As such I haven’t the faintest idea what I’m talking about here. Both Spurs and Liverpool were in the semi-finals, but in different matches, held nowhere near today’s date of 22 March. Indeed I see that Spurs had to play their match against Arsenal three times before a winner emerged. And it wasn’t Spurs.
Anyway, that clearly wasn’t the most important event of the day. The first 30 minutes of Dr No represent perhaps the most boring half hour in the Bond canon, but at least I got to watch them, as they were broadcast, in my own home.
Something of a result, then.
Which is more than can be said for Liverpool, who went on to lose the 1987 Littlewoods Cup final to Arsenal.
…This morning Chris Balderstone and Laurie Potter turned up to
give a talk on cricket and to show people how to play properly.

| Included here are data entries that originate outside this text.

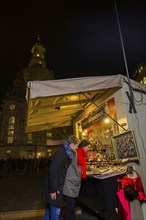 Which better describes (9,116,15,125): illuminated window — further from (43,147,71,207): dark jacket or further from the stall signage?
(43,147,71,207): dark jacket

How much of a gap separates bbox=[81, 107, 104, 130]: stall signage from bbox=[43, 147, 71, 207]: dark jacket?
245cm

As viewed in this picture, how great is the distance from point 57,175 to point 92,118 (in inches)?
143

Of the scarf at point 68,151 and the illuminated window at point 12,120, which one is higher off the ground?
the illuminated window at point 12,120

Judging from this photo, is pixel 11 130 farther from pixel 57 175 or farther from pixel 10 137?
pixel 57 175

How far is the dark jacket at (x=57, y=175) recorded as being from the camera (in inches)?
126

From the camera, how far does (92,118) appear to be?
21.4 ft

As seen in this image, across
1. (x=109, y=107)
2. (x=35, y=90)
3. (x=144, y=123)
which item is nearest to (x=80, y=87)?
(x=35, y=90)

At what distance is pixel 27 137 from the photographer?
44812 millimetres

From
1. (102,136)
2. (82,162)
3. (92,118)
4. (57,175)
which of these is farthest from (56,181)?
(92,118)

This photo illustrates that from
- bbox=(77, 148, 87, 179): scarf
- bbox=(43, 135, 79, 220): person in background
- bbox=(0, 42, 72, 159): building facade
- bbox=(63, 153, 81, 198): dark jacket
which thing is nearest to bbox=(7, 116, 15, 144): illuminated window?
bbox=(0, 42, 72, 159): building facade

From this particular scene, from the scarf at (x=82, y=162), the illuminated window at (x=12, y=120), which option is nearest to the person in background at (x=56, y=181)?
the scarf at (x=82, y=162)

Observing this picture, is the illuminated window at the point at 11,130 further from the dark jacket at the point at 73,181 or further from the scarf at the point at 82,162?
the dark jacket at the point at 73,181

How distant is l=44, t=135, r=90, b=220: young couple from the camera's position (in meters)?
3.22

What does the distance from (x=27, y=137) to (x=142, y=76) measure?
1358 inches
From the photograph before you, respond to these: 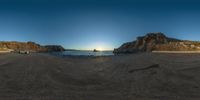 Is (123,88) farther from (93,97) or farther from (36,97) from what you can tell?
(36,97)

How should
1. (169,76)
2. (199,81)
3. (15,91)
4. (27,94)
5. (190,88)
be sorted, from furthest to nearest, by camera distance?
1. (169,76)
2. (199,81)
3. (190,88)
4. (15,91)
5. (27,94)

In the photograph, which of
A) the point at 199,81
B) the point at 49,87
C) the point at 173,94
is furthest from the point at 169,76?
the point at 49,87

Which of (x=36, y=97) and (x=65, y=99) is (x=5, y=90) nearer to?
(x=36, y=97)

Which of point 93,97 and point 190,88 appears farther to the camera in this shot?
point 190,88

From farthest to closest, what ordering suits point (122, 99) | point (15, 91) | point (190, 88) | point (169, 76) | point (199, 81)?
point (169, 76) < point (199, 81) < point (190, 88) < point (15, 91) < point (122, 99)

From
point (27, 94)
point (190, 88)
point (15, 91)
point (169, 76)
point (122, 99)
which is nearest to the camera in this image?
point (122, 99)

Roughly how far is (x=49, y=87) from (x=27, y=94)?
274 cm

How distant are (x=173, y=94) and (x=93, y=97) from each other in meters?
4.19

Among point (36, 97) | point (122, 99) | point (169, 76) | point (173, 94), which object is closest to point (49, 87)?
point (36, 97)

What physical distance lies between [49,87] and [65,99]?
169 inches

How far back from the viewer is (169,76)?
2258 cm

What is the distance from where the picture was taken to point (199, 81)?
19.8m

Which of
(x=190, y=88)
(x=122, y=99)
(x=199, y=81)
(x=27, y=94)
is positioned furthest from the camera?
(x=199, y=81)

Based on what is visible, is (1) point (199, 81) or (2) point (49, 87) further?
(1) point (199, 81) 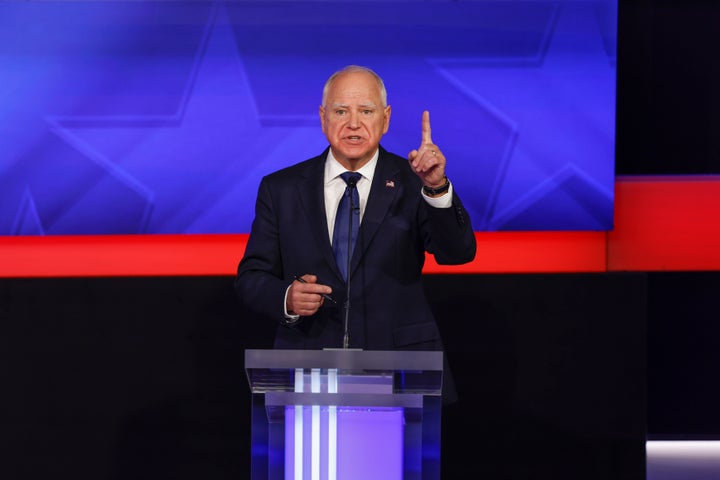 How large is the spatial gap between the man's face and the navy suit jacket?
0.11m

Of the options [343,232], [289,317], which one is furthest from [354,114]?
[289,317]

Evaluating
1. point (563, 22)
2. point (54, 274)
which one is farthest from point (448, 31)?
point (54, 274)

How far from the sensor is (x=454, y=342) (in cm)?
416

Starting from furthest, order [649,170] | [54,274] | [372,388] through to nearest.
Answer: [649,170] → [54,274] → [372,388]

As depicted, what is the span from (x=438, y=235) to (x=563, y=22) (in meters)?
2.07

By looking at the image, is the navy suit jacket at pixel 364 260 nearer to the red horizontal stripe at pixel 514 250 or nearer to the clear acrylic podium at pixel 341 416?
the clear acrylic podium at pixel 341 416

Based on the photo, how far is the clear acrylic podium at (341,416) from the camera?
2072mm

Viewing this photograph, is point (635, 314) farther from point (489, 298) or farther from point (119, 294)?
point (119, 294)

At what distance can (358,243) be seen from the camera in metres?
2.66

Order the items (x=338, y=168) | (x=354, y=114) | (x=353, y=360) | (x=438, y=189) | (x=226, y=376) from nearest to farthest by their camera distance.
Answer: (x=353, y=360), (x=438, y=189), (x=354, y=114), (x=338, y=168), (x=226, y=376)

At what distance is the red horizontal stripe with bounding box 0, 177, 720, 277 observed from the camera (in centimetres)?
437

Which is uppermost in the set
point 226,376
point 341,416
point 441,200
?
point 441,200

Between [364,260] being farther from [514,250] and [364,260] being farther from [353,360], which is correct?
[514,250]

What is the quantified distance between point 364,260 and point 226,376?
1.62 meters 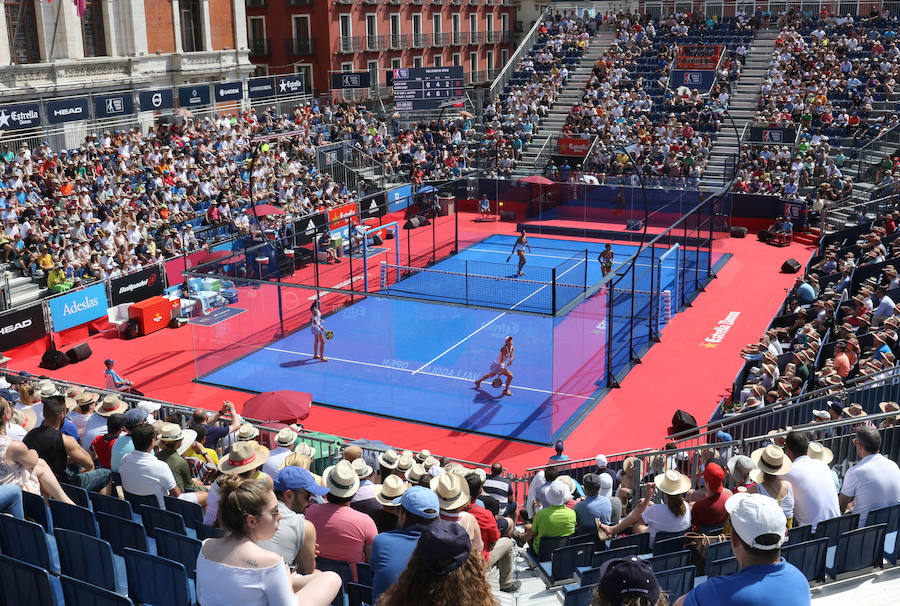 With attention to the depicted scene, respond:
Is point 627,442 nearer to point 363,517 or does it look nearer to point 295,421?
point 295,421

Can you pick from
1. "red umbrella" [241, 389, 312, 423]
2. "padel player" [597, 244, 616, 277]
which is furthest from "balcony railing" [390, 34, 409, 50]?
"red umbrella" [241, 389, 312, 423]

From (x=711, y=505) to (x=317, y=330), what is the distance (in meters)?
14.3

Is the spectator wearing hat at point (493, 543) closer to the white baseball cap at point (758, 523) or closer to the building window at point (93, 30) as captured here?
the white baseball cap at point (758, 523)

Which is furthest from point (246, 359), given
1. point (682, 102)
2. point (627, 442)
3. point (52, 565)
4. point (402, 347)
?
point (682, 102)

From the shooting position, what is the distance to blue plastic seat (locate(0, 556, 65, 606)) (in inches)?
276

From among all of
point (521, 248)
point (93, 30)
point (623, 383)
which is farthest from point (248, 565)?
point (93, 30)

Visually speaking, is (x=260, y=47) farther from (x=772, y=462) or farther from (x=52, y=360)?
(x=772, y=462)

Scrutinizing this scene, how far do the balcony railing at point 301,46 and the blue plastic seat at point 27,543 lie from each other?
51490 millimetres

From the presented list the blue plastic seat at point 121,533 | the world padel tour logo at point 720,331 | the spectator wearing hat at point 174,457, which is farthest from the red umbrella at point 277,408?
the world padel tour logo at point 720,331

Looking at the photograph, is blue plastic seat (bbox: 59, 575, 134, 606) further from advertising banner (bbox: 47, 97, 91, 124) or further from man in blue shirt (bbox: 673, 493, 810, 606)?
advertising banner (bbox: 47, 97, 91, 124)

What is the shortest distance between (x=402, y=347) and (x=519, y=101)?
3427 centimetres

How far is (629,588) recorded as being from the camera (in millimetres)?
4352

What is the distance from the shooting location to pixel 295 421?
19.1 meters

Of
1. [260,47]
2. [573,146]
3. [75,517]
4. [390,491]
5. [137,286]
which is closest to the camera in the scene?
[390,491] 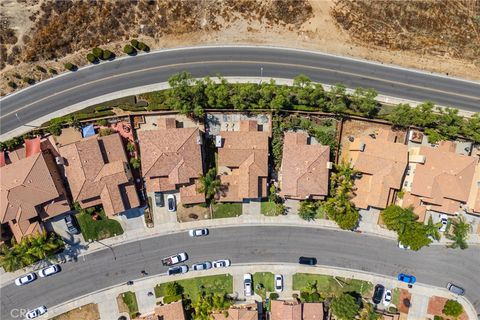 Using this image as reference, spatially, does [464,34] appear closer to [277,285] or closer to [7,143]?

They asked questions and if you got one right they gave you a prize.
I managed to answer one right and got a 1983 Guide to the Prudential Cup.
One girl got a book priced £1.95 for answering her question right!
Afterwards they gave out scoresheets for a 1985 match and a picture of the
team, and how to join the team, and signed autographs.
After break we had a quiz on what we had learned.
I’ve had to look up who these two people were. Both were professional cricketers for Leicestershire, although I think only Potter was still playing for the team in 1987.
What were they doing coming to our school? I haven’t a clue. Perhaps the local education authority had launched another new initiative.
But evidently it had yet to be finessed; witness the handing out of scoresheets from a match of two years previously, and worse, the awarding of a “prize” that covered a competition almost half a decade ago. Obviously they thought we’d lap up any old tat, being no old enough to know better.
The Prudential Cup was actually the World Cup. Now why didn’t they say so? Not that I would have shown it any more respect, still having to reach the age of starting to hoard stuff simply because it was old.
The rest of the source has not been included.